These Kenya art activities are wonderful for getting to know Kenyan leaders and creators, and learning from their gifts and style. Keep reading until the end for some virtual field trips to some amazing museums in Kenya!
Featured Kenya Artist: Suzanna Owiyo
Suzanna Owiyo is a popular contemporary singer. She has especially used her position to support the “Because I Am A Girl” campaign, which helps girls get education. She is a National Goodwill Ambassador for the United Nations Environment Programme.
Nature in Kenya
There are a number of large animals that live in Kenya and commune with its beautiful land. They work together in dry and rainy seasons, and with rivers and wilderness. Some common animals are zebras, wildebeest, leopards, hippos, and more.
Millions of people visit Kenya each year to see its endless savanna and the animals that inhabit it: elephants, lions, cheetahs, giraffes, zebras, hippos, rhinos, and more. The Kenyan government has set up more than 50 reserves and parks to protect these animals.
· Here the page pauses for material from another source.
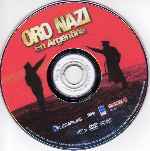 carátula cd de Oro Nazi En Argentina - V2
People seeking African wildlife usually focus on Kenya’s lowland savannas. But Kenya’s ecosystems also include deserts, swamps, mountain, and forests. Each region has its own mix of plants and animals that are suited to the area’s particular conditions. Kenya’s highland forests are home to many animals found nowhere else in the world.
Kenyan Craft & Culture Activity for Kids: Maasai Beaded Necklace Craft
The Maasai people and other east African cultures make a lot of beautiful beadwork. The colors they choose are very symbolic, so please learn about them before making your jewelry. (You can learn more about the meaning of the colors HERE.)
Traditional Maasai beaded jewelry uses very small and slippery beads that may be difficult for kids to use. Instead, here, we will use slightly larger beads in a simpler pattern to allow children of varying ages to participate. We will also use softer yarn instead of harder necklace forms for safety with little ones.
Perler beads or craft beads (better for younger kids)
Yarn or embroidery floss
String your beads on your thread. You can either alternate colors (such as black and white), or you can make several rows (such as a row of red for strength, a row of blue for energy, a row of white for purity, etc.) and tie them all together. Be sure to tie off the ends so the beads don’t come loose. Then tie on your necklace!